Ocalić ojcowską godność
Czy faktycznie nigdy nie jest za późno, aby być lepszym ojcem, a ojcostwa po prostu można się nauczyć? Czy jest to realne w każdych warunkach? Na wolności z pewnością jest łatwiej… A co w sytuacji, kiedy tato „trafił za kratki” i odbywa dłuższy lub krótszy wyrok w zakładzie karnym? Koniecznie przeczytaj wywiad z Elżbietą Szopką, pedagogiem, kierownikiem „mieszkań wspieranych”, koordynatorem pionierskiego projektu Caritas Diecezji Siedleckiej 2 KROKI dedykowanego dla ojców osadzonych w więzieniach.
16 listopada 2018 r., podczas uroczystej gali wręczenia statuetek MAX, w kategorii INSTYTUCJA wyróżnienie otrzymała Caritas Diecezji Siedleckiej. Zostało ono przyznane za realizację pionierskiego programu 2 KROKI, który – najogólniej mówiąc – pomaga ojcom osadzonym w zakładach karnych odbudować relację z dziećmi i ocalić ich ojcowską godność.
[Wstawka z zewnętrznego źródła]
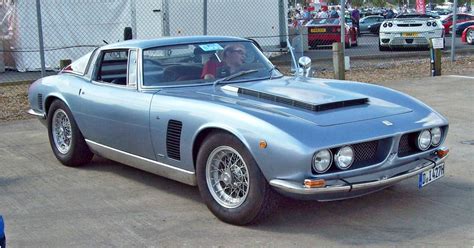 These Were The Most Expensive Cars In The 60s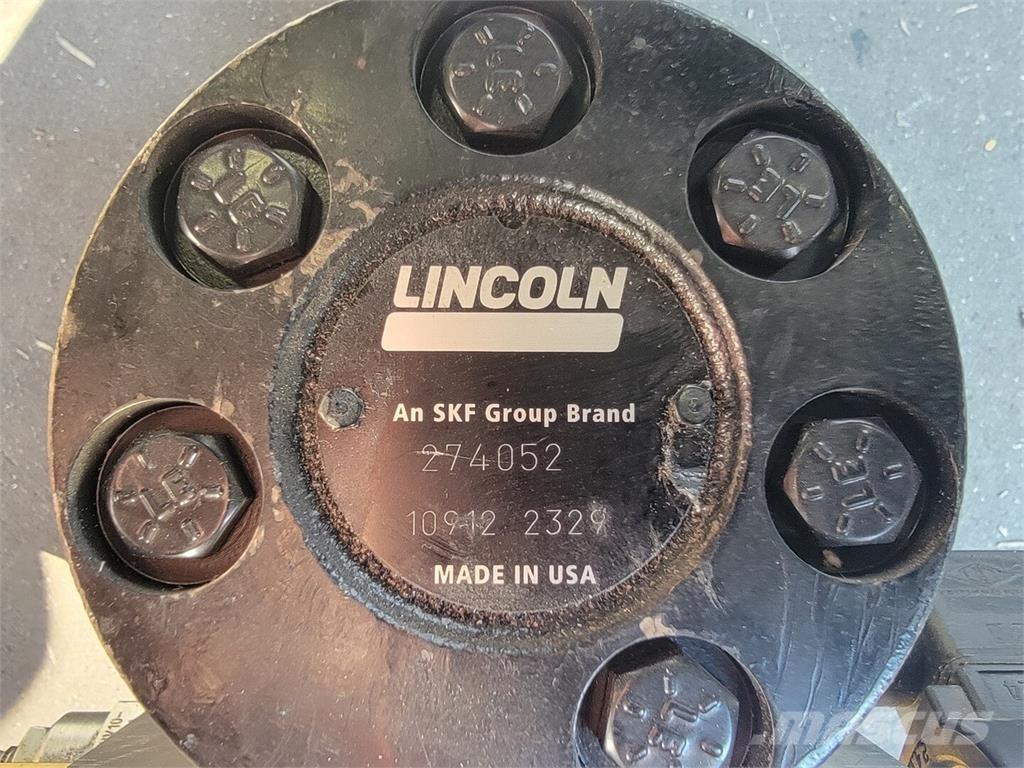Lincoln 85481 Bombas de agua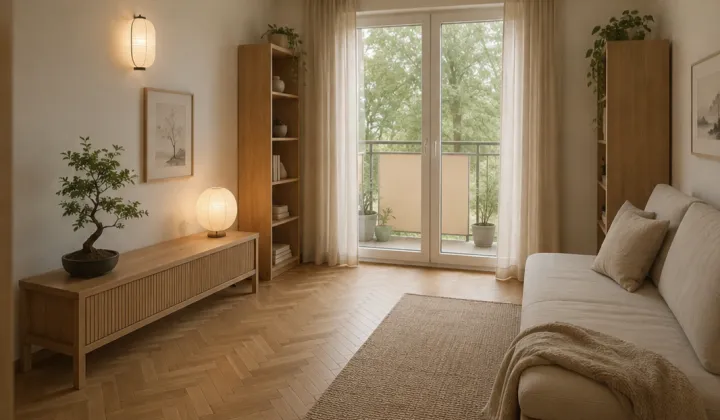 Mieszkanie 2-pokojowe Warszawa Wola, ul. Batalionu AK "Parasol"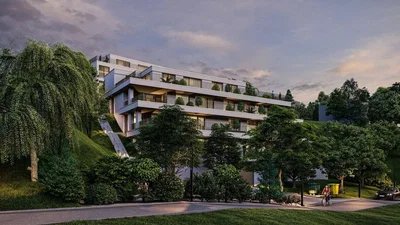 Casa e arredores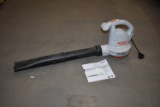 STIHL BGLE61 BLOWER, ELECTRIC, 394 CU FT PER MINUTE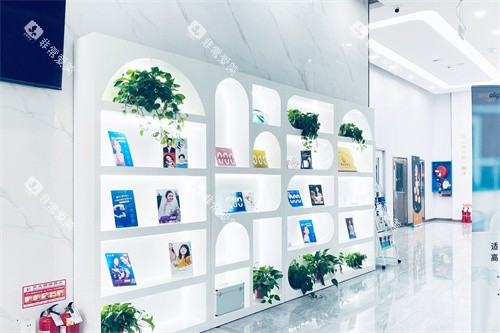 湘阴达飞口腔内部环境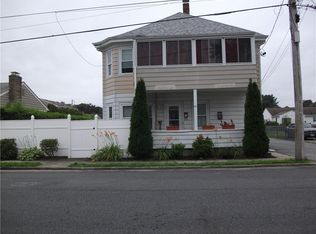 46 Vervena St, Cranston, RI 02920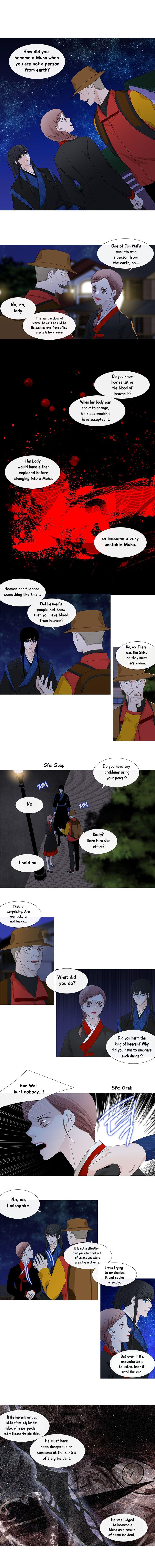 Heavenly Match Manhwa - episode 136 - 2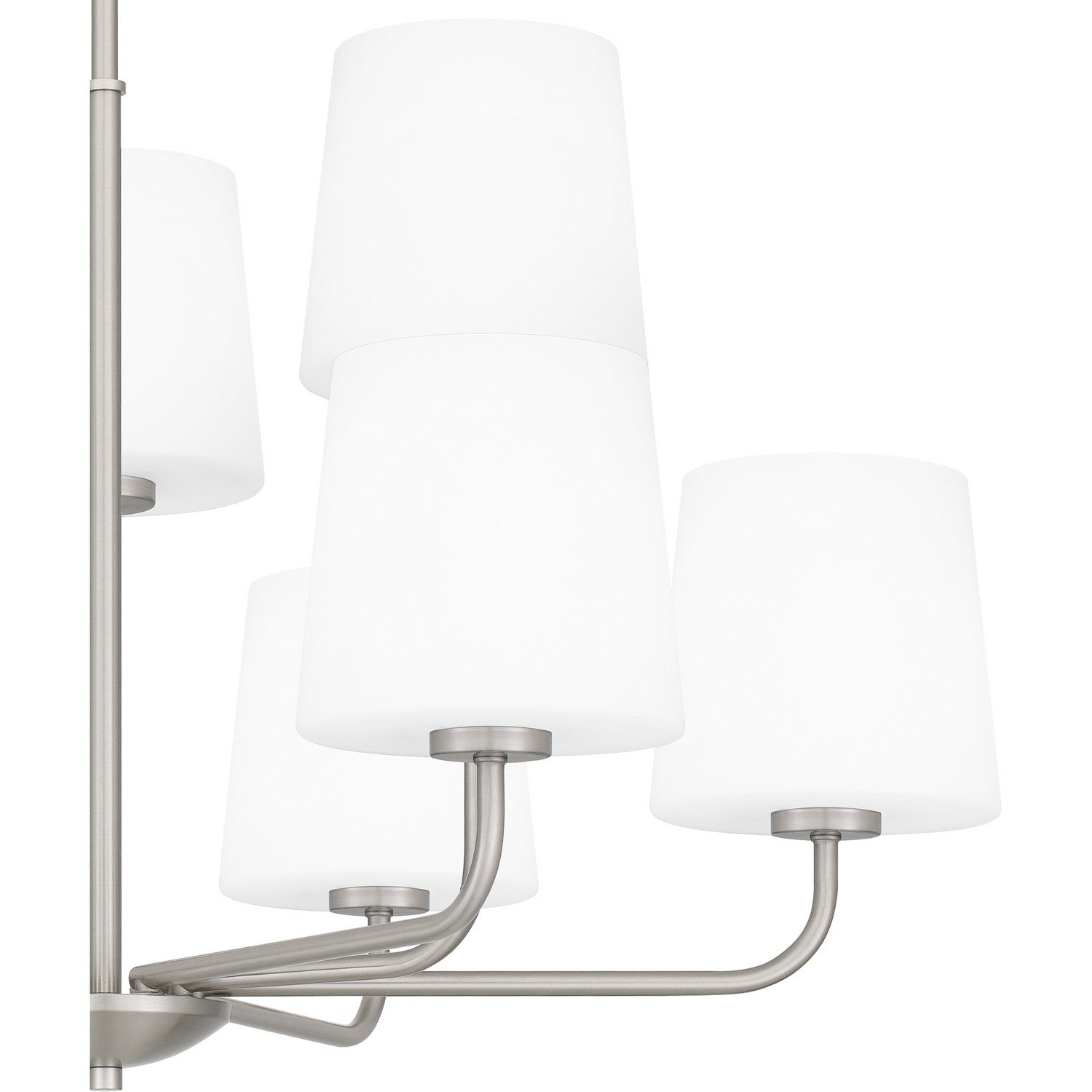 Quoizel - GGR5032BN - Nine Light Chandelier - Gallagher - Brushed Nickel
Pani Elżbieto, na stronach internetowych Caritas Diecezji Siedleckiej znajdujemy, opisany punkt po punkcie, przebieg programu 2 KROKI. Jest on obecnie w fazie pilotażu. Kiedy zrodził się pomysł, co było inspiracją, by go wdrożyć i jak on przebiega na obecnym etapie?
Po raz pierwszy weszliśmy do więzienia 4 kwietnia 2017 r. Program powstał z inicjatywy Caritas Diecezji Siedleckiej w porozumieniu z kapelanem więziennym ks. Mateuszem Czubakiem. Autorem i pomysłodawcą projektu jest Ilona Trojnar, dyrektor programowy Caritas Diecezji Siedleckiej. Jest to odpowiedź na potrzeby osadzonych w więzieniu nie tyle w kwestii bytowej, co w sferze duchowej, która jest często odsuwana na bok. Nikt do tej pory nie brał pod uwagę, jak ważną rolę w życiu – oczywiście każdego człowieka – a więc również osadzonych, odgrywa rodzina. Odniesienie do rodziny, do dzieci i tęsknota za wspomnieniami z przeszłości dają dobre efekty. Po dwóch latach nie mamy wątpliwości, że jest to coś, co należy kontynuować. Odniesienie się do tych najwyższych wartości i chęć pomocy dzieciom zza murów więziennych jest u ojców odbywających wyrok pozbawienia wolności bardzo silna.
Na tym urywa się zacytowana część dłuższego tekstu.